=== Required work ===
The expected output is every line of the data exactly as shown, minus the images.

=== Supplied material ===

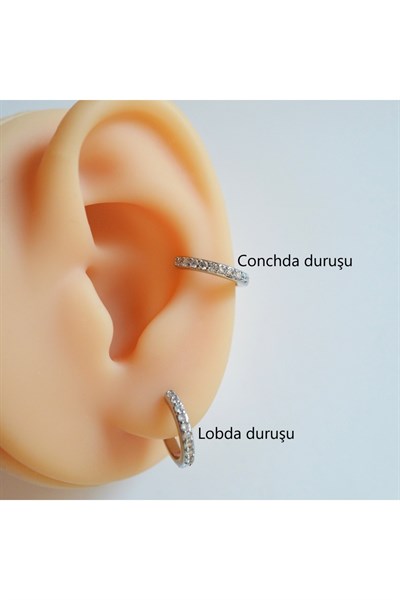 10 mm Silver Renk Taşlı Halka Piercing Helix Lob Conch Kıkırdak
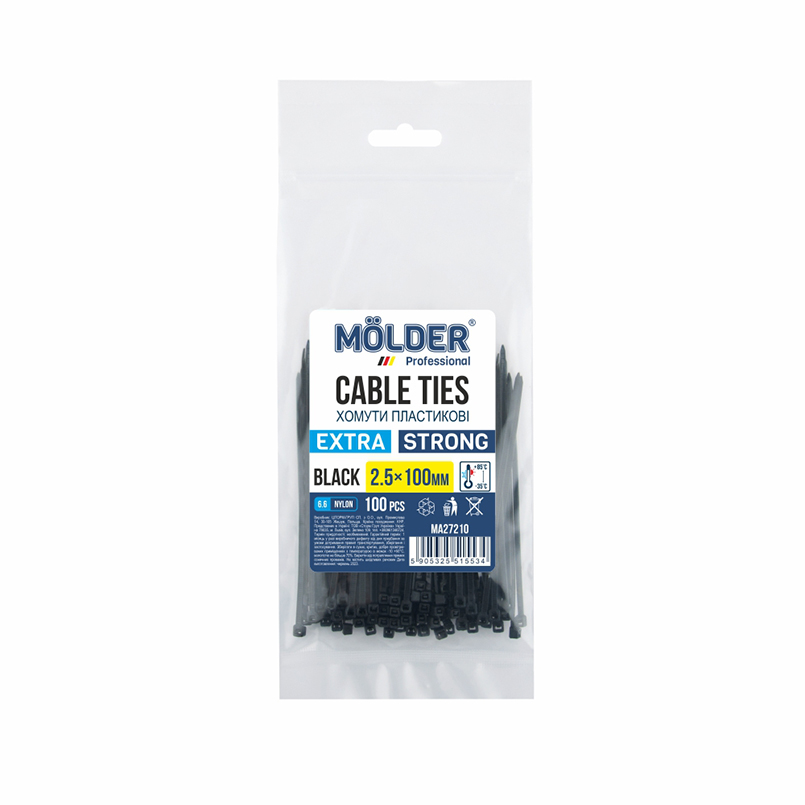 Molder clamps plastic black 2.5x100, 100 pcs image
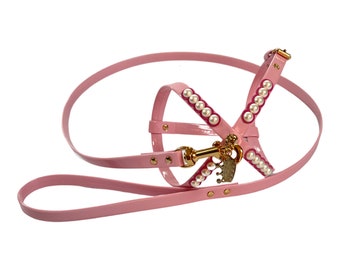 Pink Dog Harness and Plain Leash Set / Girl Dog Harness / Puppy Harness / Small Dog Harness / Easter Dog / Teacup Dog / Teacup Puppy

=== Output of the exercise ===
 10 mm Silver Renk Taşlı Halka Piercing Helix Lob Conch Kıkırdak
 Molder clamps plastic black 2.5x100, 100 pcs image
 Pink Dog Harness and Plain Leash Set / Girl Dog Harness / Puppy Harness / Small Dog Harness / Easter Dog / Teacup Dog / Teacup Puppy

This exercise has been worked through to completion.